▶ _Assignment_: Pictures stay out; everything else in the records below gets copied exactly.

▶ _Working data_:
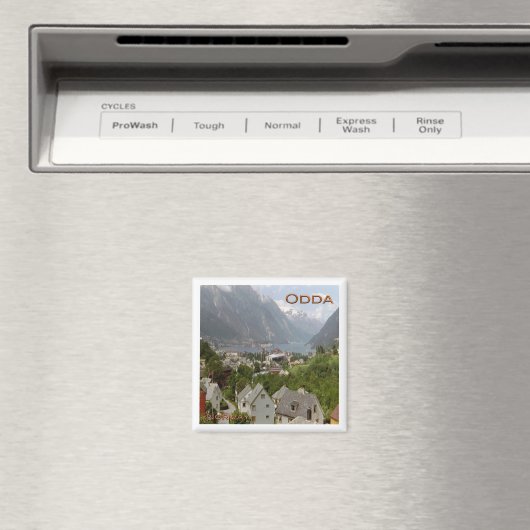 zNO113 HARDANGERFJORD ODDA, Noorwegen, Fridge Magneet (Insitu (Vaatwasser))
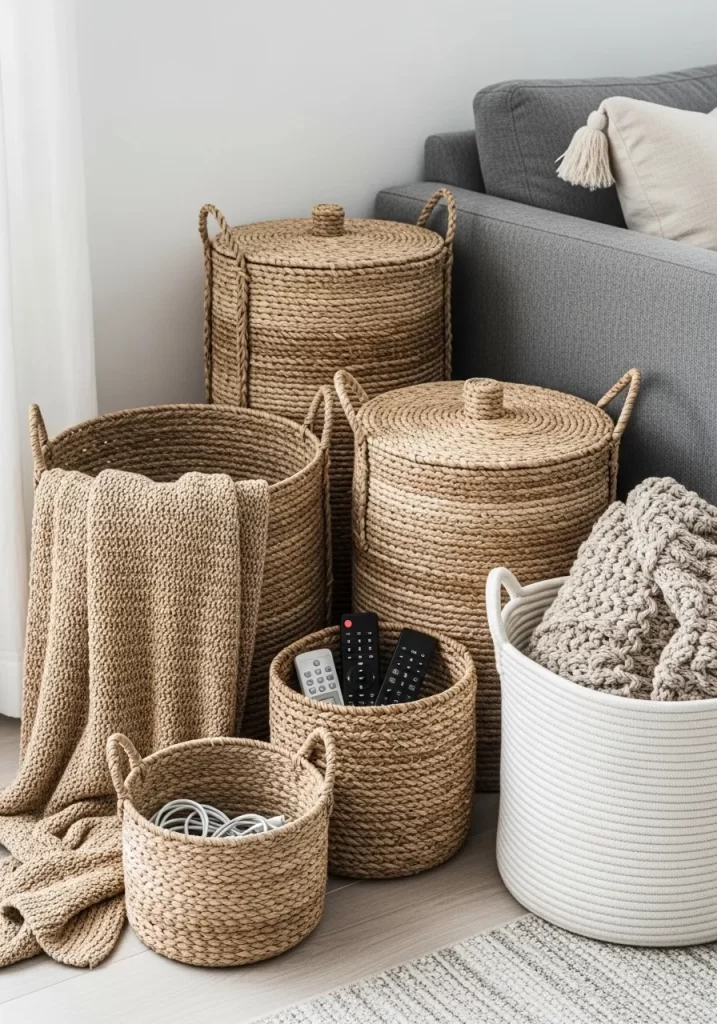 Living Room Storage Hacks
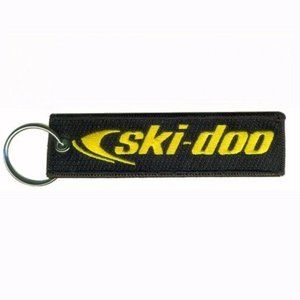 Ski-Doo Black-Yellow Key Chain Fob Embroidered - NEW Fast Ship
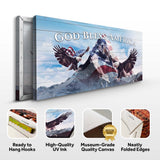 God Bless America Wall Art - PatriotDepot.com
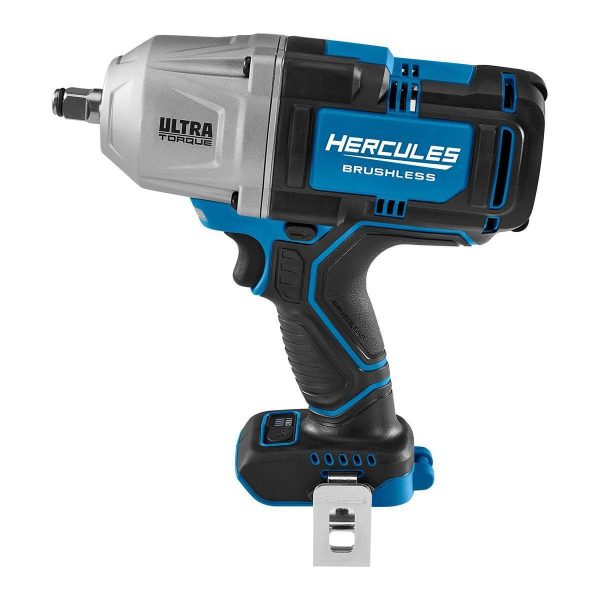 HERCULES - Llave de impacto inalámbrica sin escobillas de 20V, 1/2 pulgada, kit de torque ultra con batería de 5 Ah y cargador - 70954 - Imagen 4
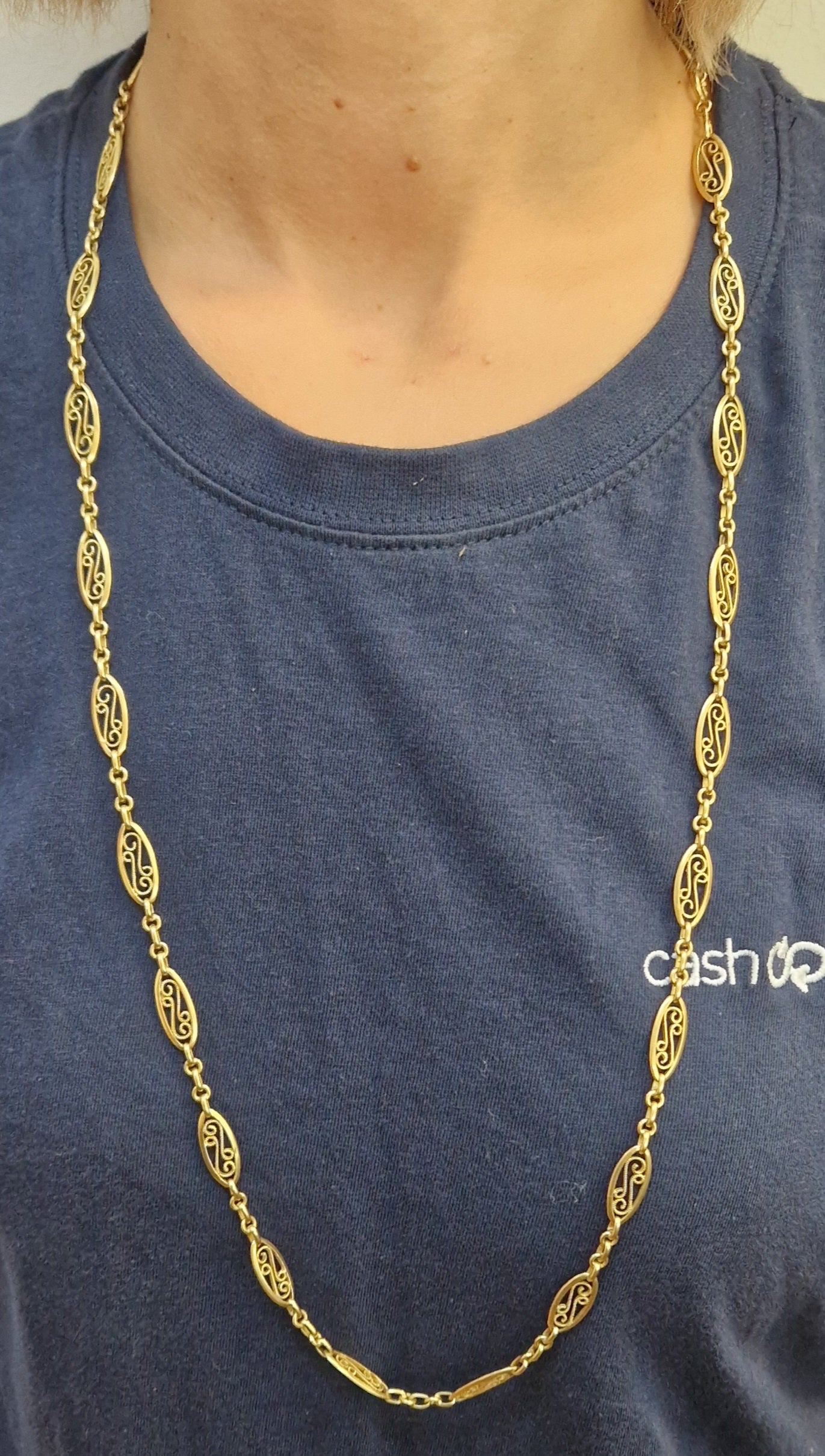 Collier Sautoir en Or Jaune 18K 39.64 Grs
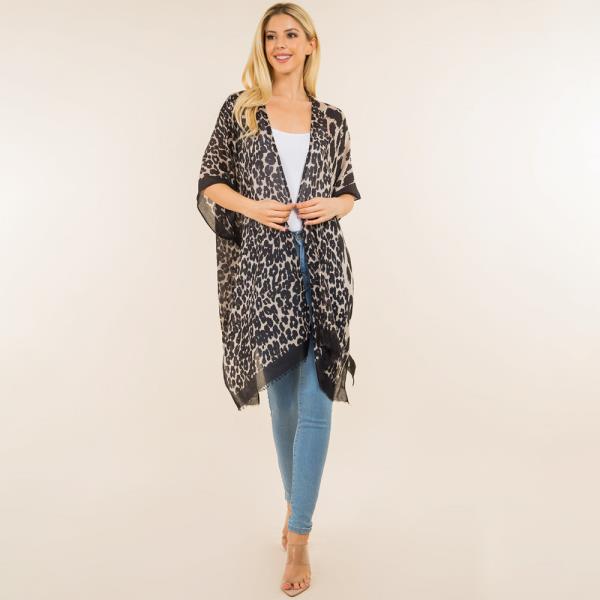 LEOPARD KIMONO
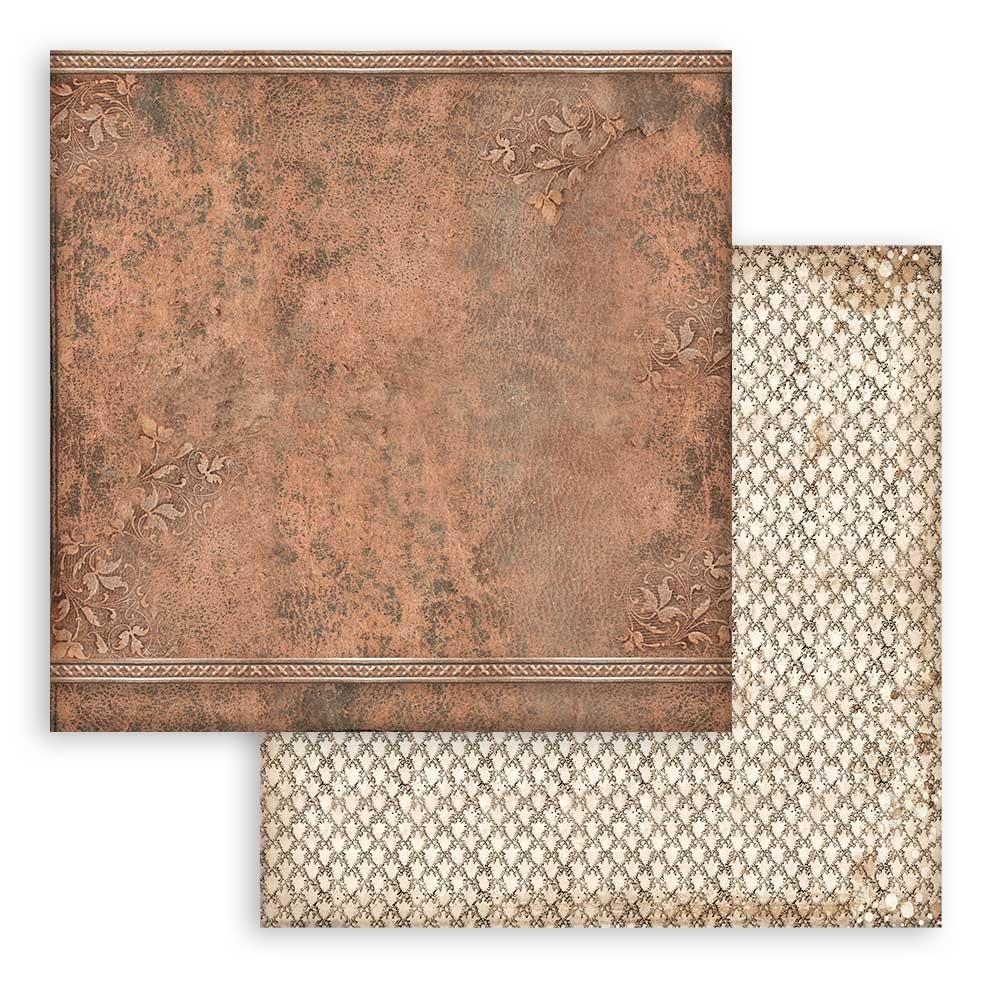 Stamperia Backgrounds Double-Sided Paper Pad 12x12 - Vintage Library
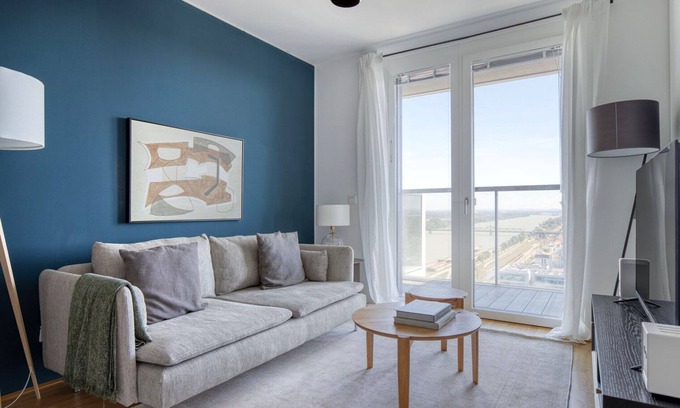 Vienna Apartment | Bright Leopoldstadt 1BR with Balcony near Bus & Groceries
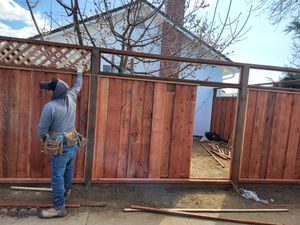 Fence Replacement at Coventry Dr, Campbell, CA 95008 - Portfolio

▶ _Solution for this task_:
 zNO113 HARDANGERFJORD ODDA, Noorwegen, Fridge Magneet (Insitu (Vaatwasser))
 Living Room Storage Hacks
 Ski-Doo Black-Yellow Key Chain Fob Embroidered - NEW Fast Ship
 God Bless America Wall Art - PatriotDepot.com
 HERCULES - Llave de impacto inalámbrica sin escobillas de 20V, 1/2 pulgada, kit de torque ultra con batería de 5 Ah y cargador - 70954 - Imagen 4
 Collier Sautoir en Or Jaune 18K 39.64 Grs
 LEOPARD KIMONO
 Stamperia Backgrounds Double-Sided Paper Pad 12x12 - Vintage Library
 Vienna Apartment | Bright Leopoldstadt 1BR with Balcony near Bus & Groceries
 Fence Replacement at Coventry Dr, Campbell, CA 95008 - Portfolio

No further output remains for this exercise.